-- Raw data follows --

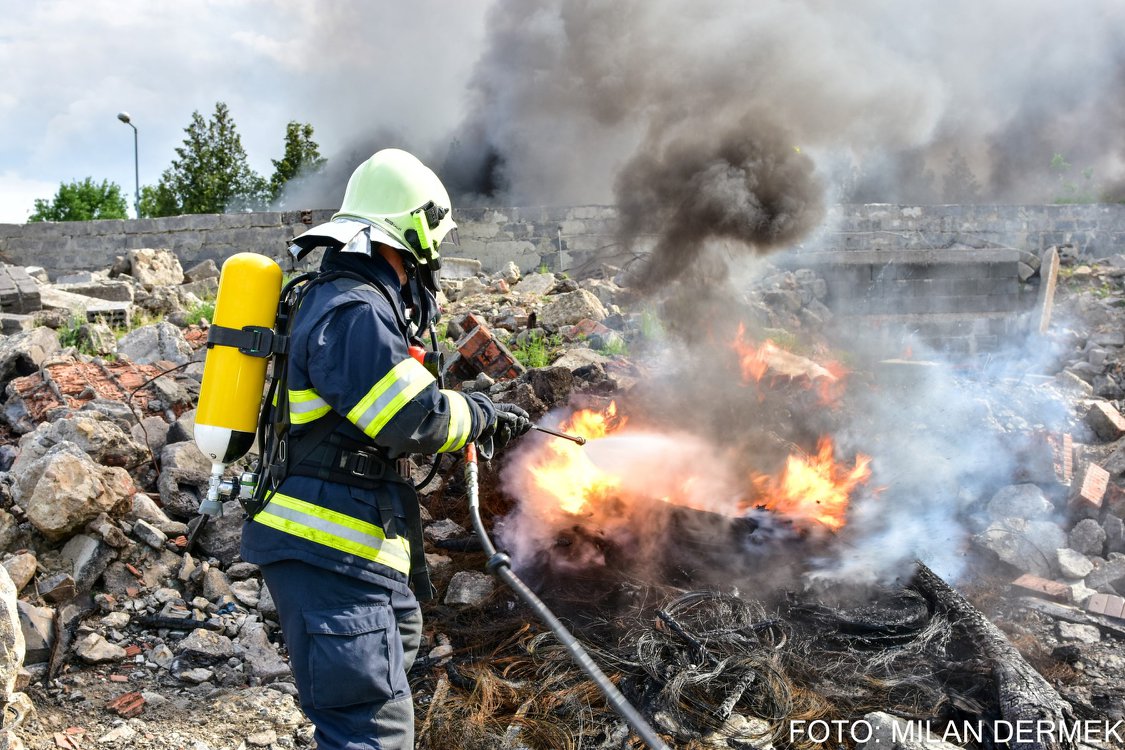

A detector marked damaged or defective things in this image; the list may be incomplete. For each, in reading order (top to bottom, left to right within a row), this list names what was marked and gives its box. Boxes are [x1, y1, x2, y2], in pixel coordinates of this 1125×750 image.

broken brick [1080, 402, 1125, 443]
broken brick [1066, 461, 1111, 512]
broken brick [1012, 575, 1071, 602]
broken brick [1084, 593, 1125, 620]
broken brick [105, 692, 145, 719]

-- Raw data concluded --

(Problem details): When you copy the listing, keep every line exactly as it is but leave out all images.

(Result below):
A detector marked damaged or defective things in this image; the list may be incomplete. For each, in reading order (top to bottom, left to right within a row), this list names what was marked and gives its box. Boxes are [x1, y1, x2, y2], in pixel coordinates of this 1125×750 image.

broken brick [1080, 402, 1125, 443]
broken brick [1066, 461, 1111, 512]
broken brick [1012, 575, 1071, 602]
broken brick [1084, 593, 1125, 620]
broken brick [105, 692, 145, 719]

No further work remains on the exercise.